| Exercise |
Write again exactly the lines in the listing below, starting at the line with "Now add one" and ending at the line with "Now put the", both included. Pictures are not copied.

| Material shown |
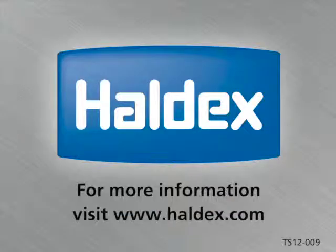For more information, please contact Haldex.com.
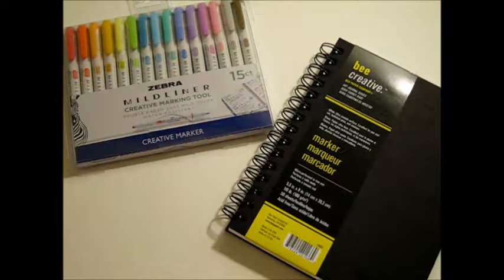Hey guys, it's Shenanigans. Today I'll be reviewing the Zebra Mildliner Creative Marking Tool.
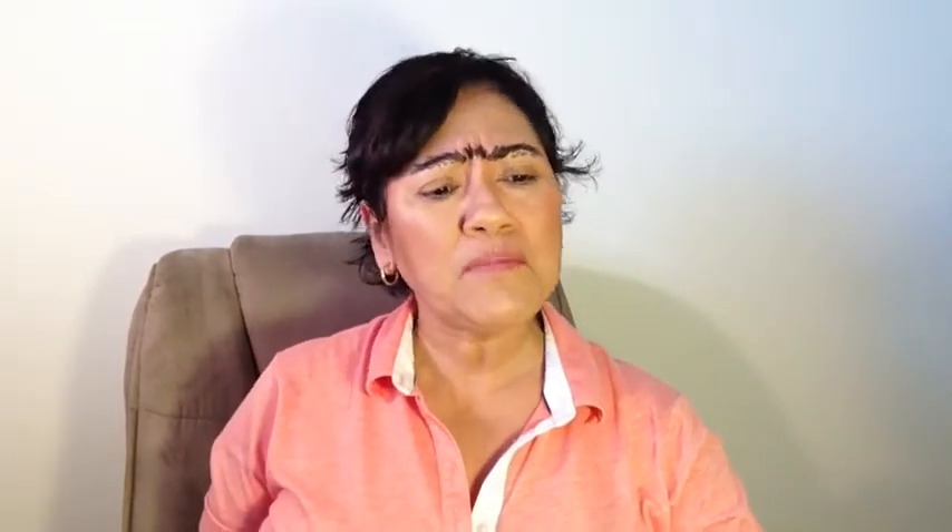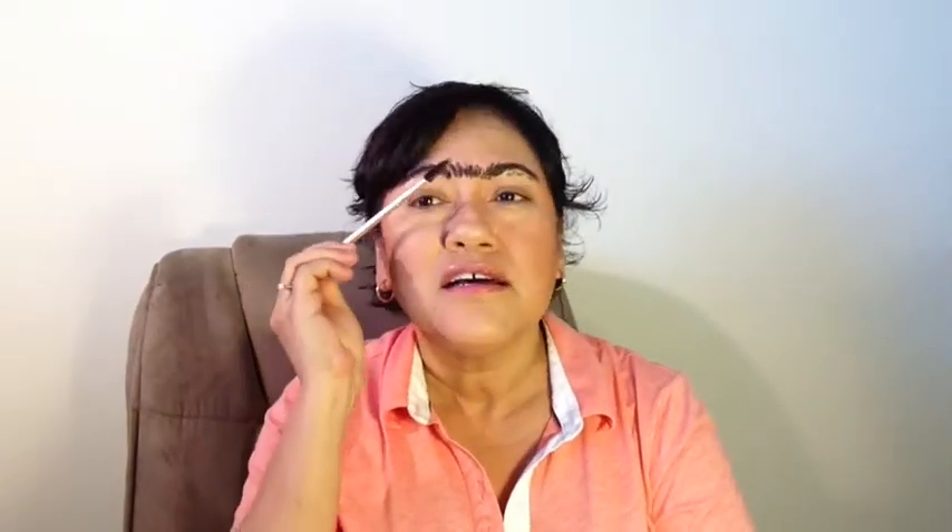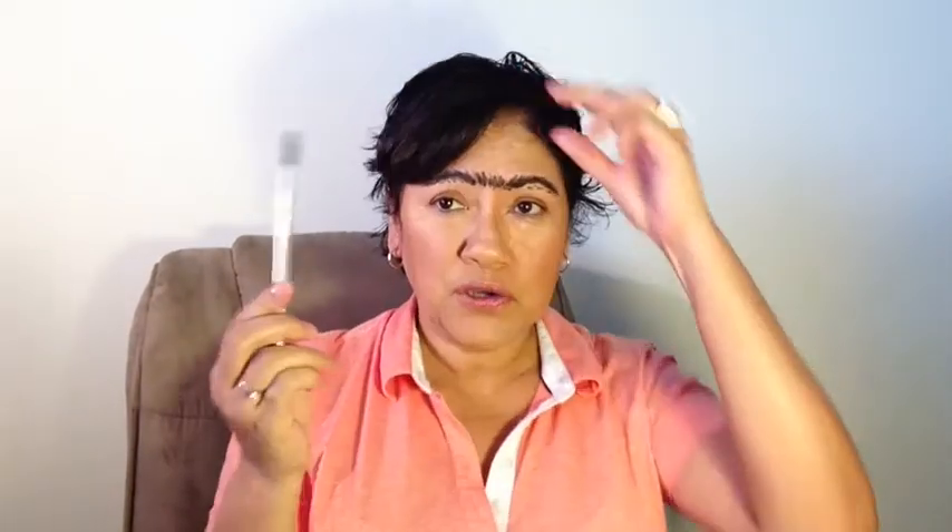Hi everybody, welcome to the Colors of Beauty by Elle. I'm Isabel. Today I'm going to be showing you how to get these fabulous eyebrows. I just love them so much — you can sport them anywhere you go. And you know I love to dance, so you can wear this to the club or anything. You can just fabulously comb them, and you can even do a comb-over — like if your ears get cold.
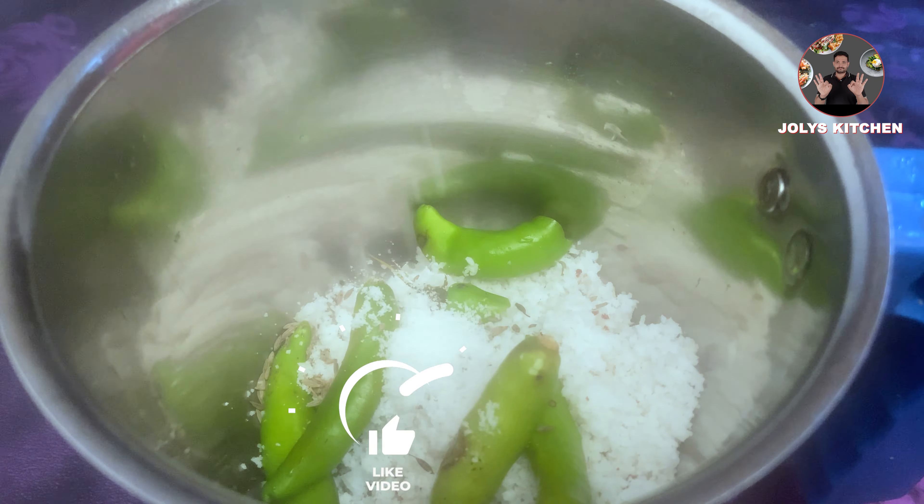Now add one raw mango cut into small pieces and grind it. In a pan, take 2 TSP oil and heat it. Use coconut oil for best taste. When the oil is hot, add 1 TSP mustard seeds.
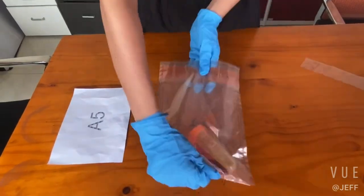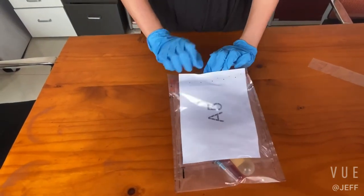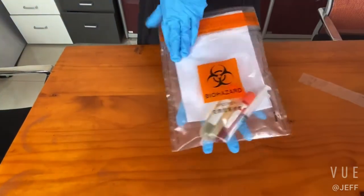Now put the relevant documents into the bag pocket, which helps check the biohazardous materials information during transport.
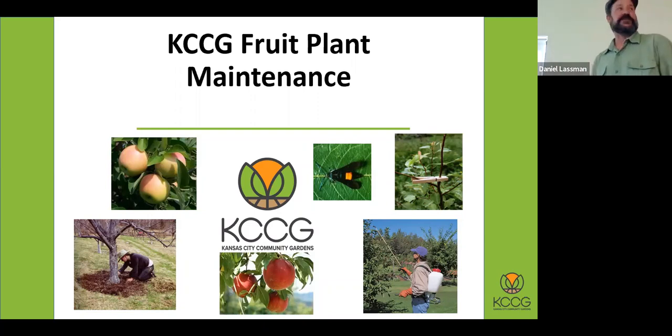Welcome to Fruit Plant Maintenance. I'm Matt Bunch. A little bit about me: I grew up in Lawrence, so I know this building and facility — played baseball over in the field. I worked as a horticulturist for the city of Lawrence, used to work at Sunrise Garden Center, and have been doing this line of work since 1994.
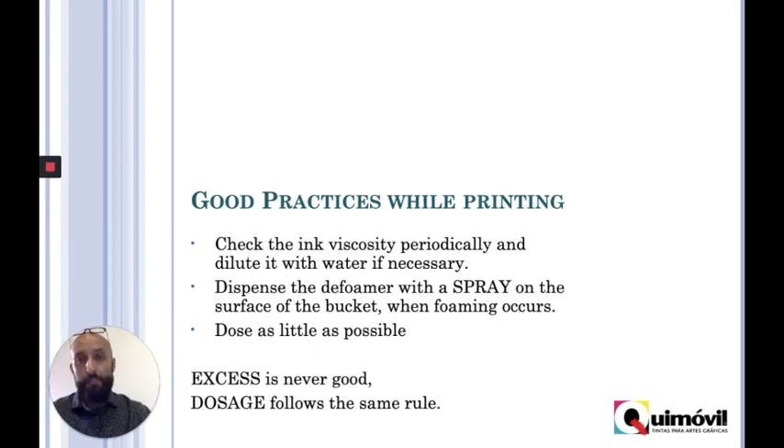There are some good practices while printing in order to avoid creating foam. The first one is to periodically check the viscosity of the ink, and if it's getting too thick, you have to add water or extender varnish in order to balance the formula. The second one: you should have a spray bottle with the mix that your ink provider advises you to use. Whenever there is foam on the surface of the bucket, you can control it by spraying it. This is very good because you also control the amount of anti-foam you're putting in — you don't want to decompensate the ink formula.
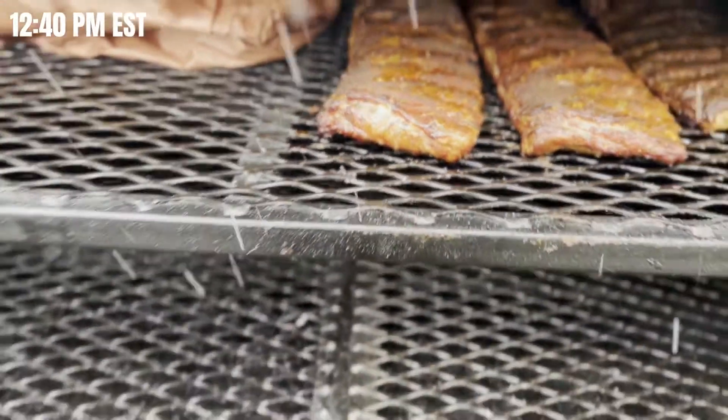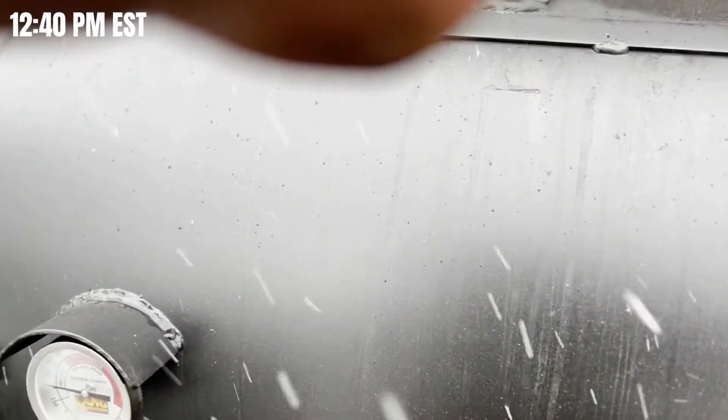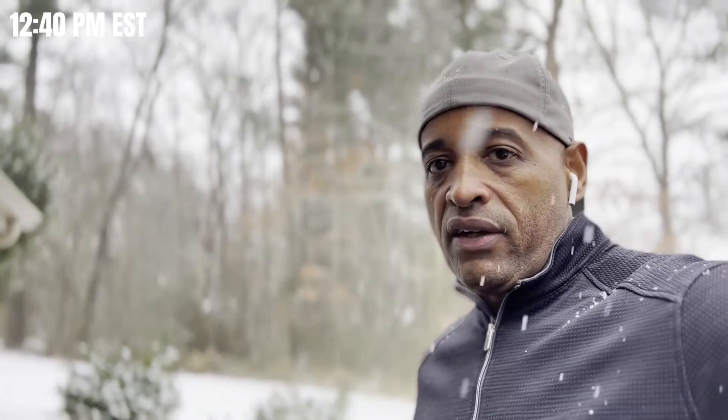We're gonna let this brisket go probably about another hour and a half before we probe it, because I don't like probing the brisket and putting little holes in it where the juice can kind of jump out. We want to lock in all that juice. It's gonna be wrapped for about an hour and 40 minutes — we'll probably probe it around two o'clock. This Super Bowl cook is going good; we're also going to throw on some sausages a little later.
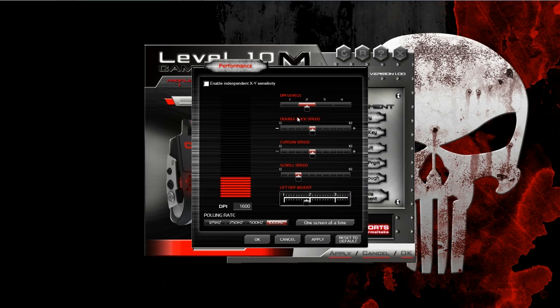Below that, we have performance, where you can adjust your DPI levels, your double-click speed, cursor speed, scroll speed, and lift-off adjustment, which I'm pretty sure just reads as you physically adjust it with the little wrench that comes with the mouse. It'll show up here on the screen.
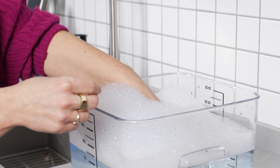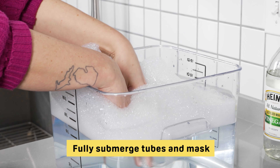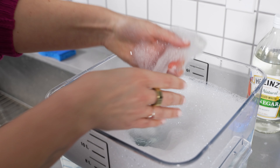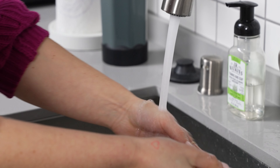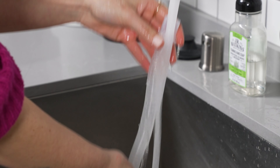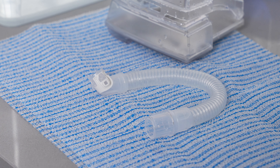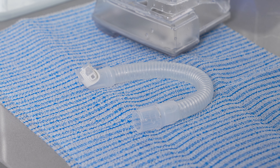First, you'll need to disassemble your CPAP machine before cleaning it. Make sure the device isn't plugged into a wall outlet. If your machine has an integrated battery, be sure to remove that as well. To clean your CPAP machine, you'll need the following: a mild soap that's unscented and isn't made for moisturizing, warm drinking water, a container for soaking your hose such as a tub or large bucket, a clean smooth towel, and if your machine has a humidifier, you'll also need white vinegar.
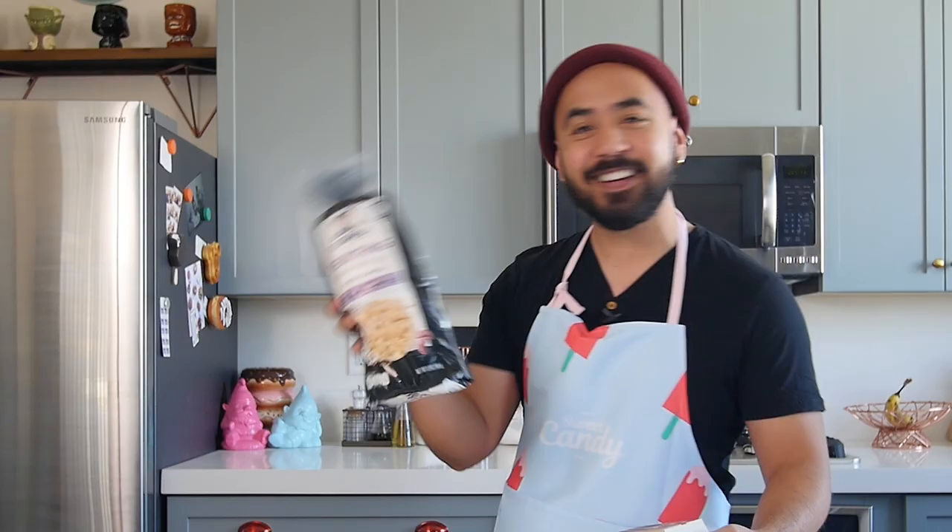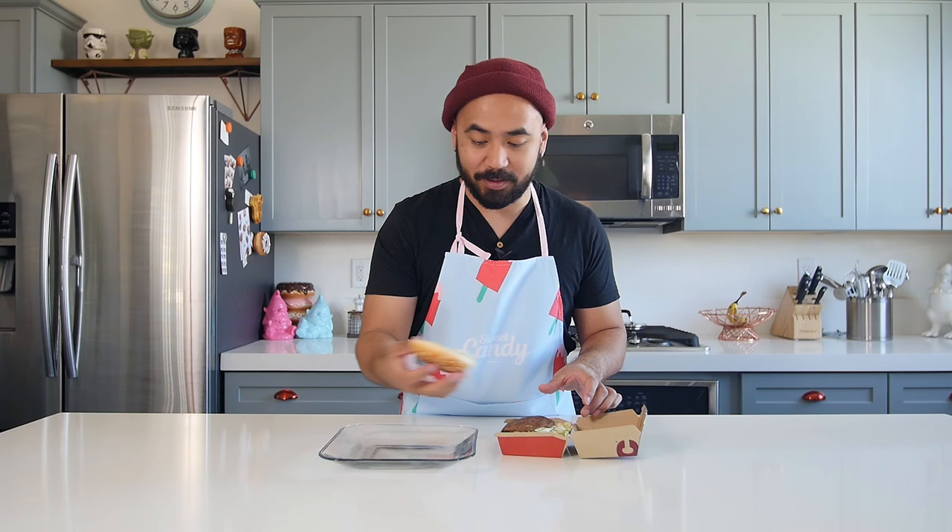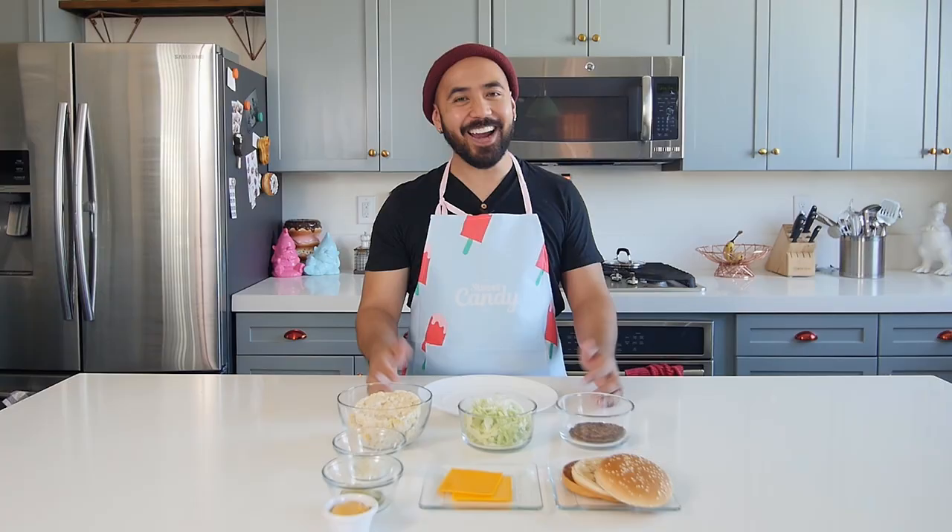Today we're going to be making a Big Mac that's only a hundred calories using rice cakes. First step, deconstruct the Big Mac. All right, let's start off with our bun, which is a rice cake.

| Exercise answer |
Now add one raw mango cut into small pieces and grind it. In a pan, take 2 TSP oil and heat it. Use coconut oil for best taste. When the oil is hot, add 1 TSP mustard seeds.
Now put the relevant documents into the bag pocket, which helps check the biohazardous materials information during transport.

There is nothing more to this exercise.